=== Section Start ===

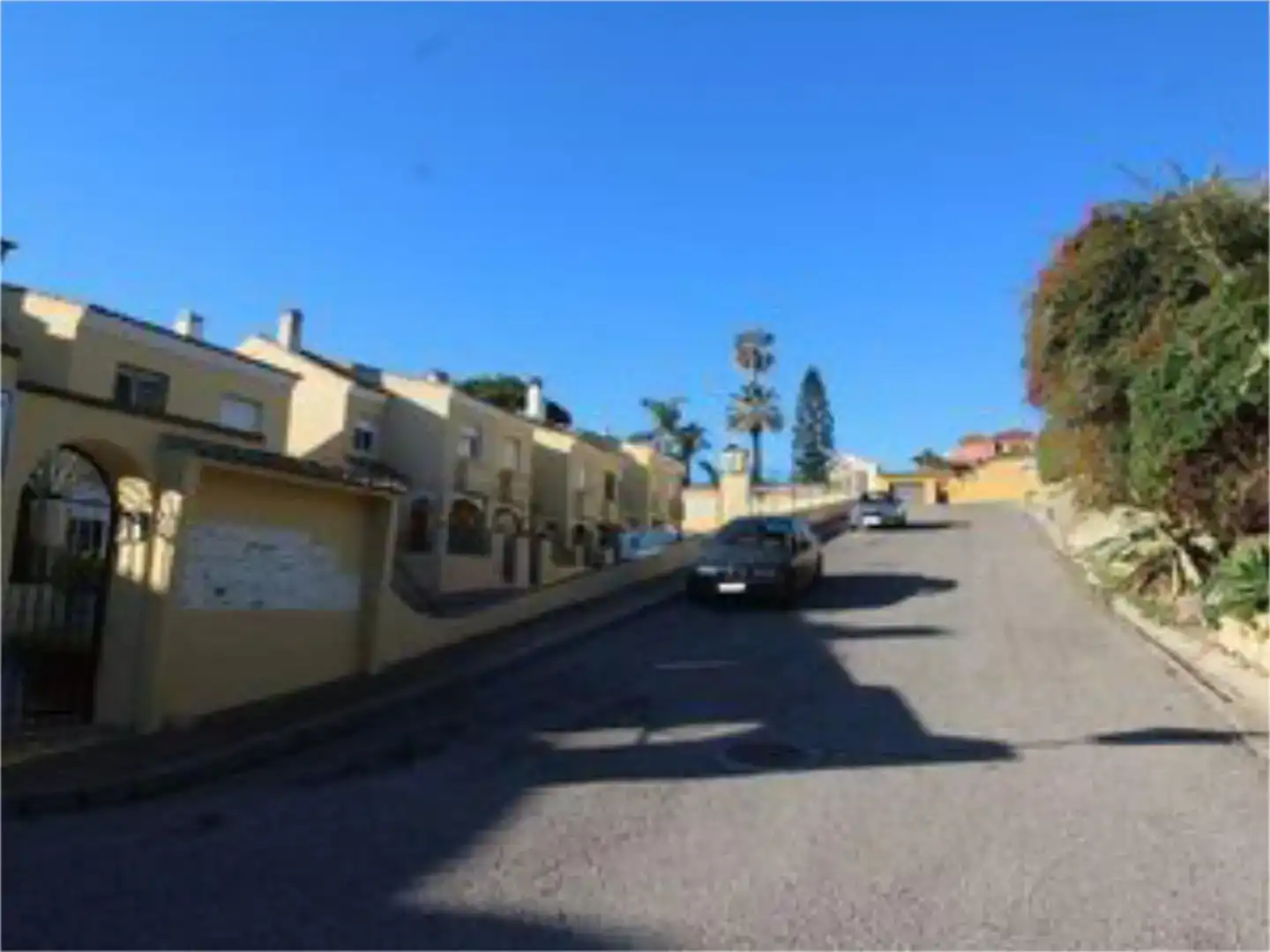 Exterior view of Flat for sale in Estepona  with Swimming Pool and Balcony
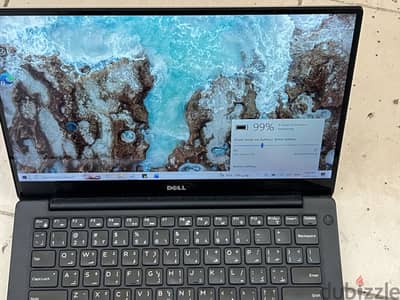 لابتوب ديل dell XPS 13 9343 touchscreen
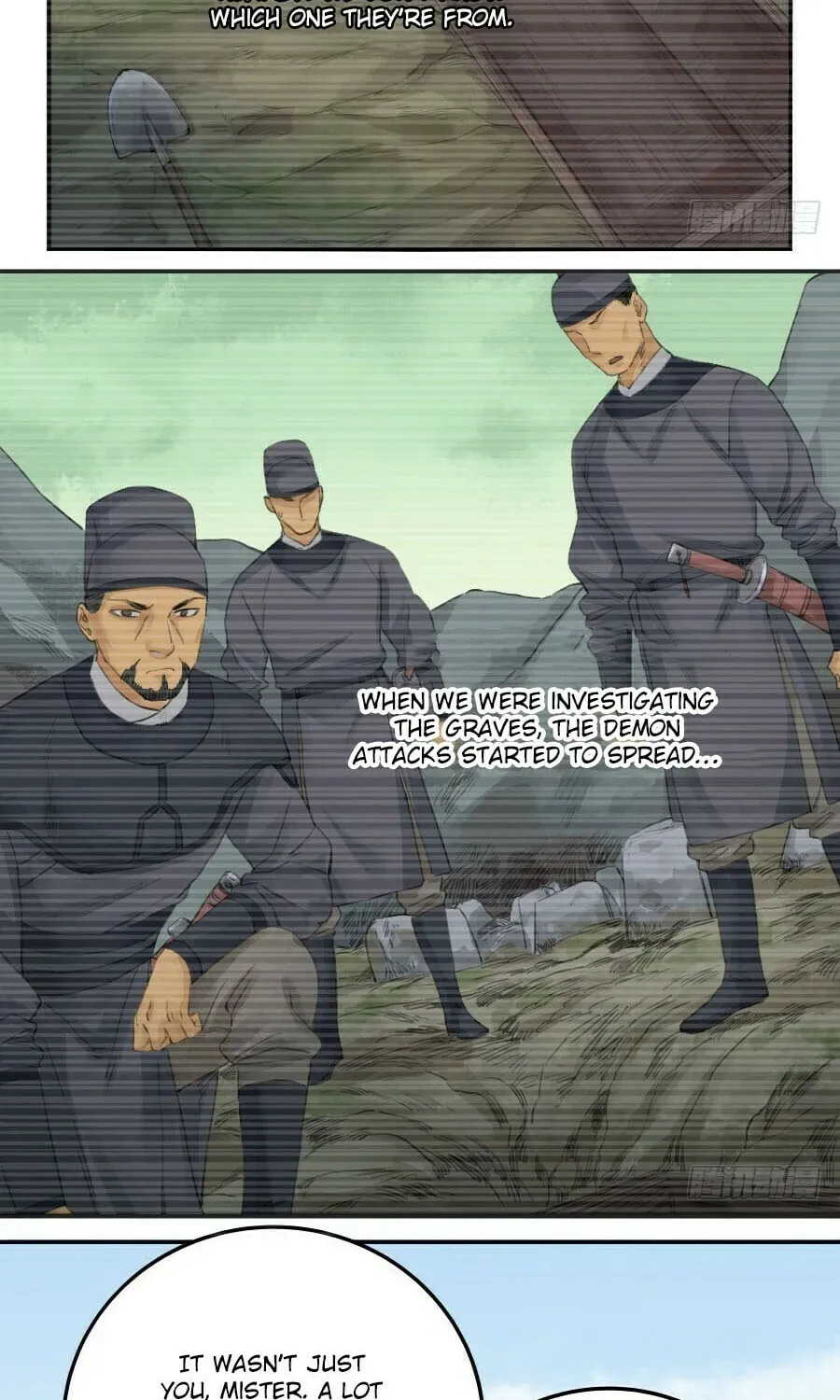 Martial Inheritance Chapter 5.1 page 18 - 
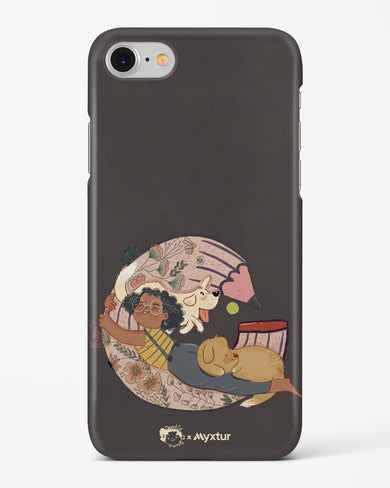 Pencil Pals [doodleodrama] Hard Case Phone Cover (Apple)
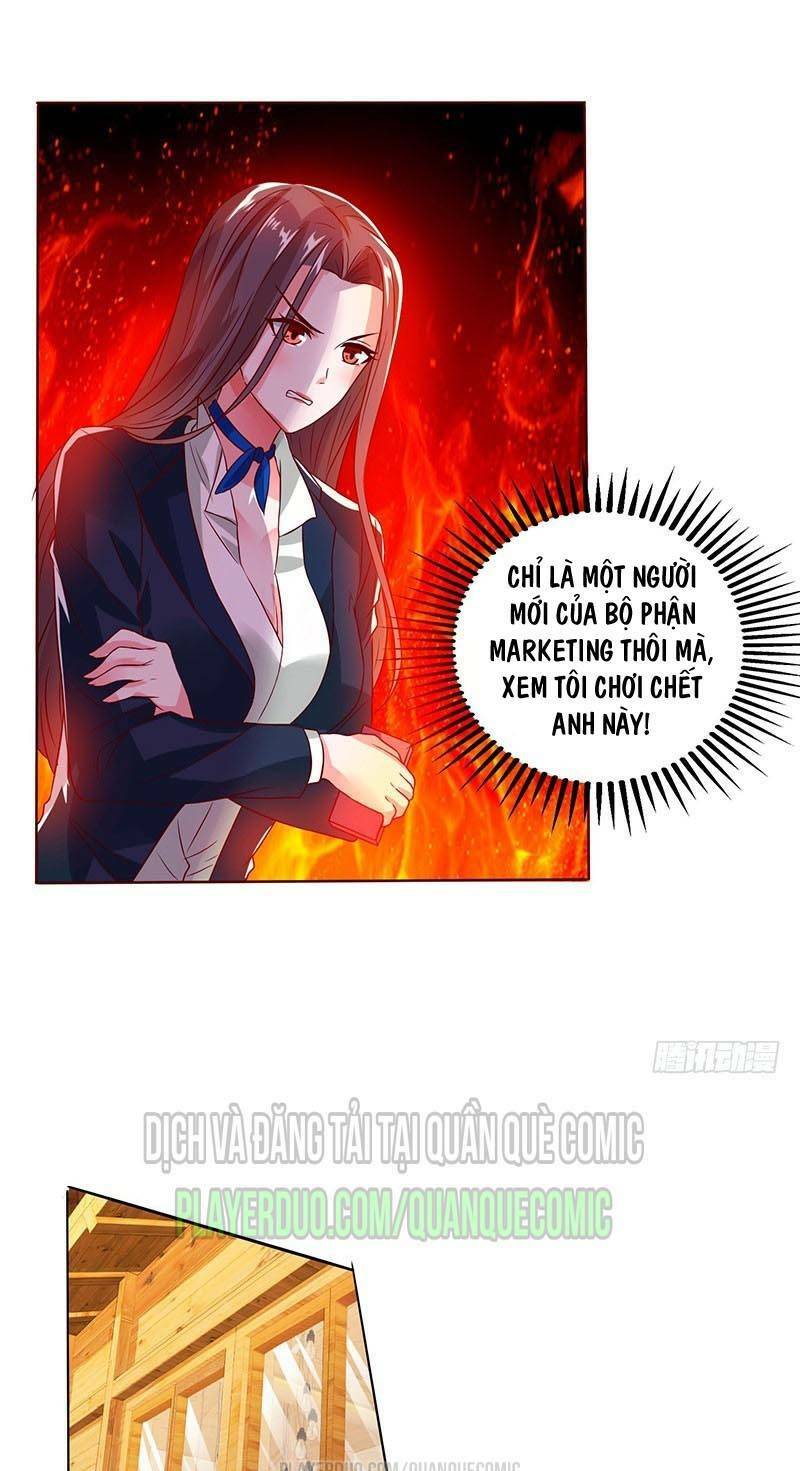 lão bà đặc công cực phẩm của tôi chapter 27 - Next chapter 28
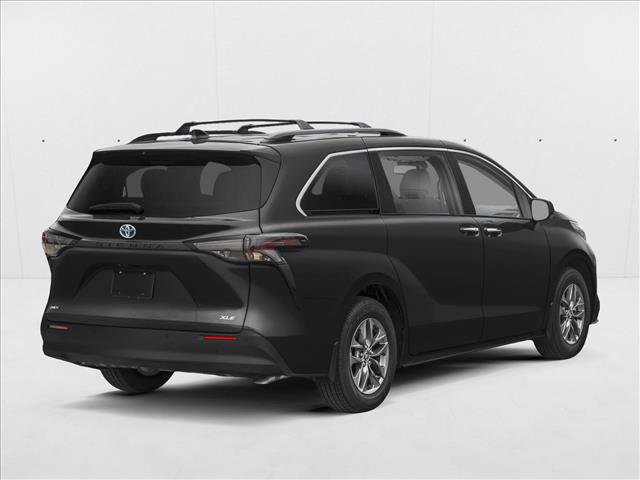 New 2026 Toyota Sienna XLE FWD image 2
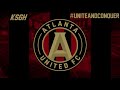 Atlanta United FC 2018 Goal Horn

=== Section End ===
=== Section Start ===

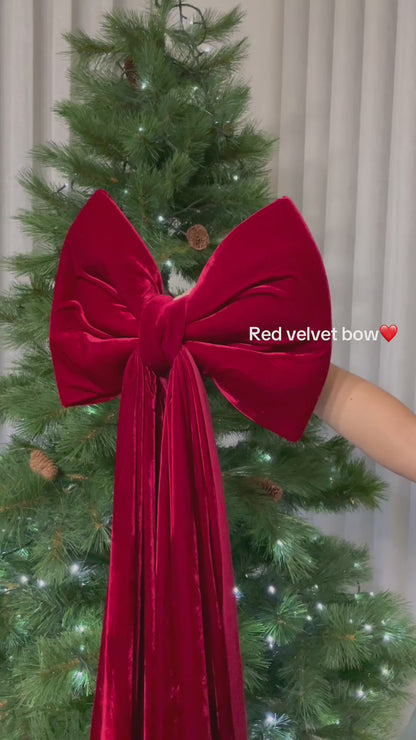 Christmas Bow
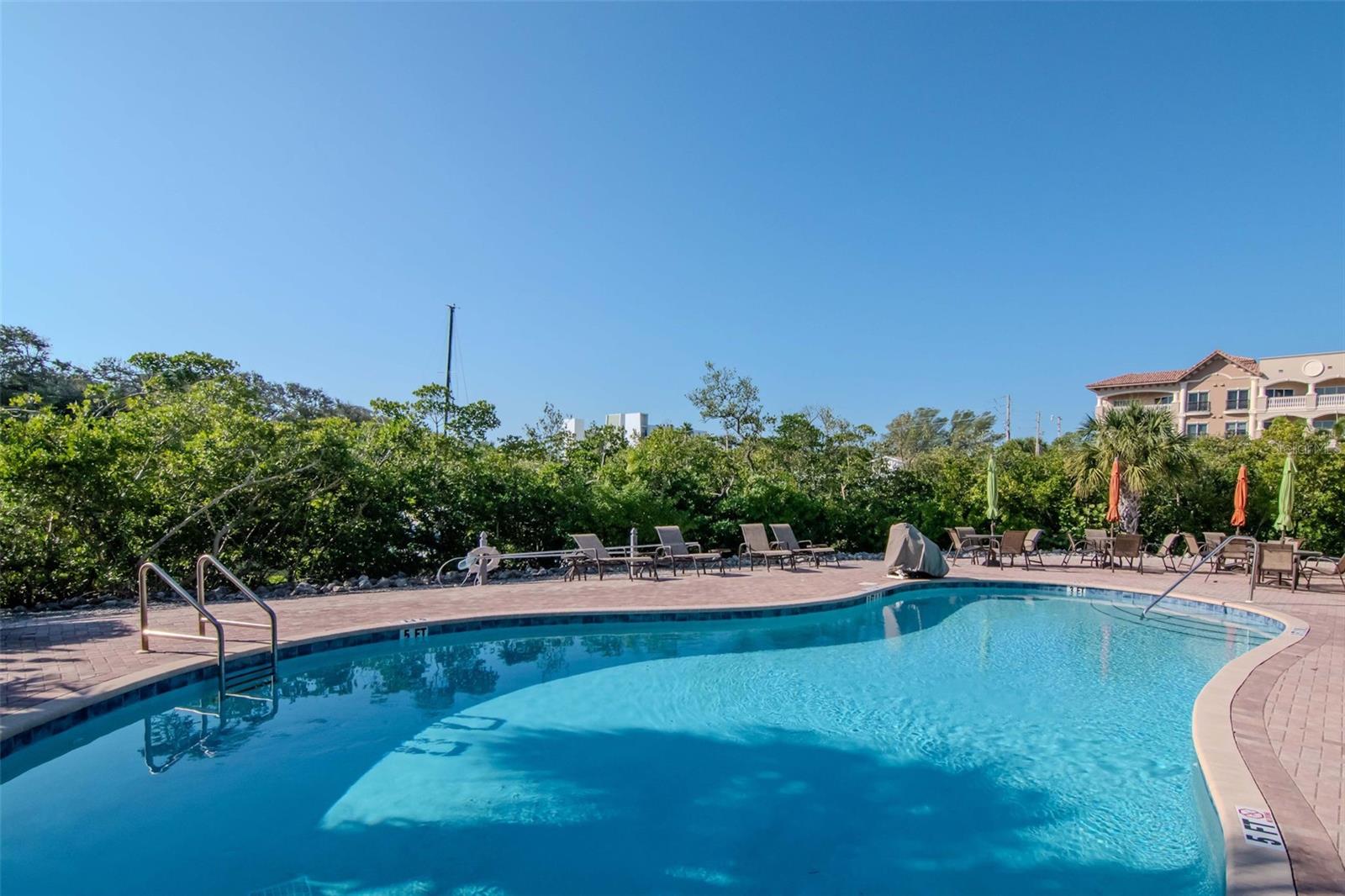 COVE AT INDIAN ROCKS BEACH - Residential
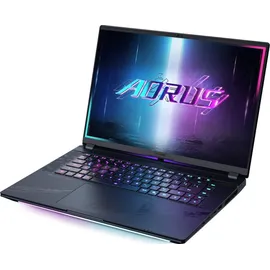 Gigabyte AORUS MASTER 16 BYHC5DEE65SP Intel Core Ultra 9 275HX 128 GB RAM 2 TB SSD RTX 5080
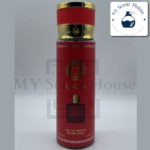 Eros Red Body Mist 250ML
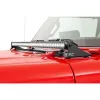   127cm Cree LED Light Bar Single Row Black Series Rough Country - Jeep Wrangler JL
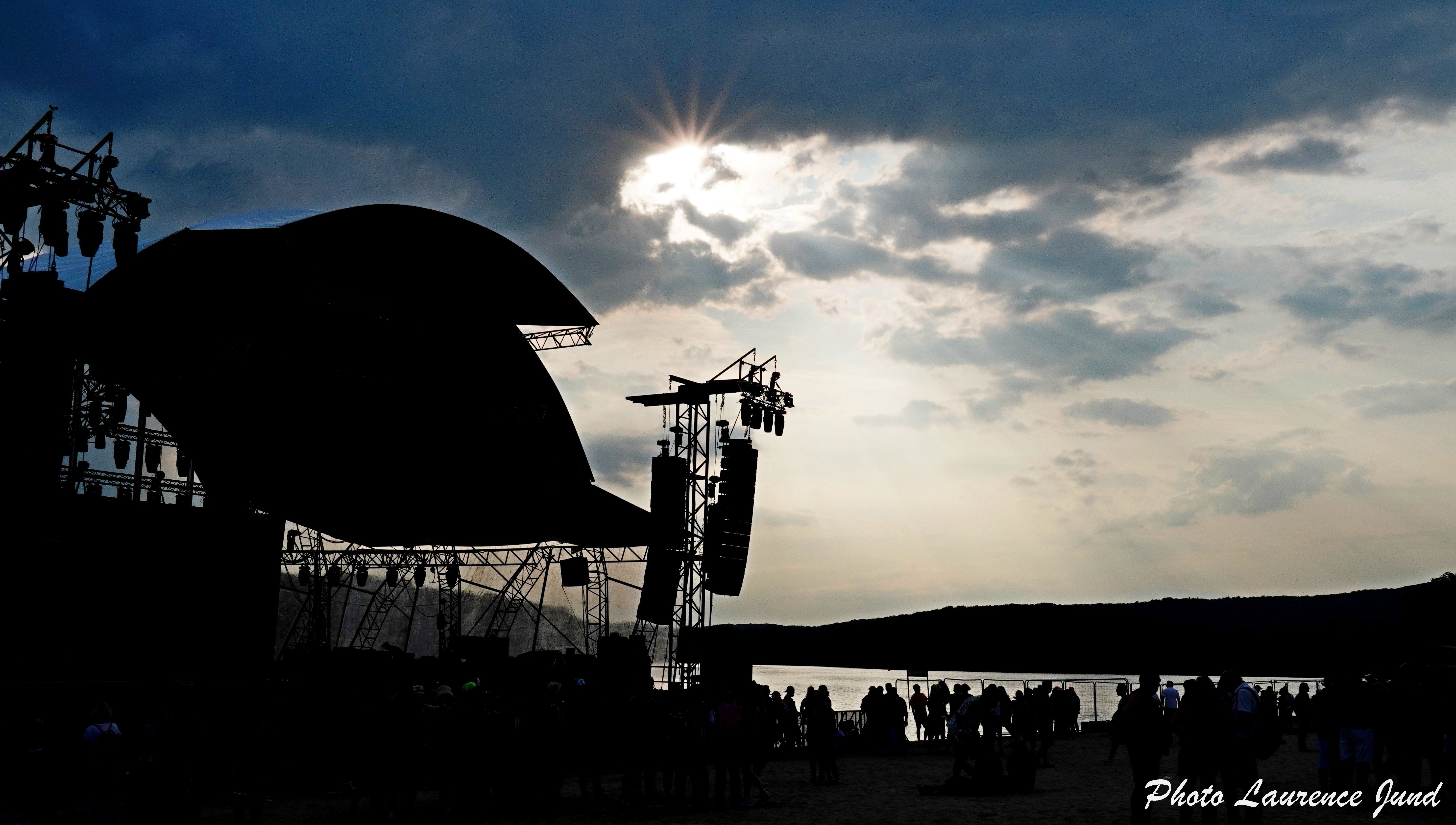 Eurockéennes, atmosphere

=== Section End ===
=== Section Start ===

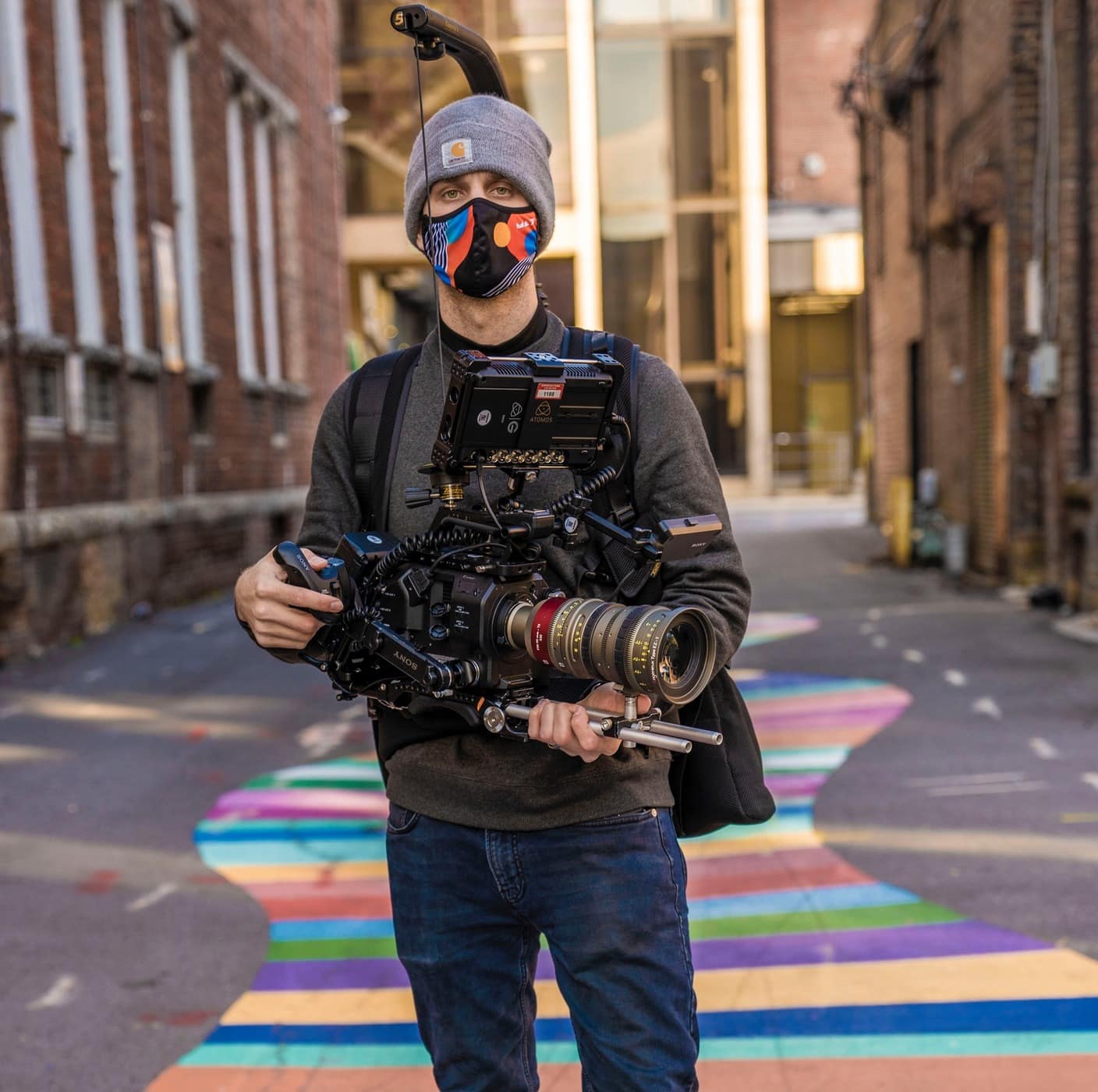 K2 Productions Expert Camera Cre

=== Section End ===

TASK TO CARRY OUT: To complete this exercise, transcribe exactly the lines above from the one that holds "Christmas Bow" through the one that holds "Eurockéennes, atmosphere". Pictures stay out.

WORKED SOLUTION:
 Christmas Bow
 COVE AT INDIAN ROCKS BEACH - Residential
 Gigabyte AORUS MASTER 16 BYHC5DEE65SP Intel Core Ultra 9 275HX 128 GB RAM 2 TB SSD RTX 5080
 Eros Red Body Mist 250ML
   127cm Cree LED Light Bar Single Row Black Series Rough Country - Jeep Wrangler JL
 Eurockéennes, atmosphere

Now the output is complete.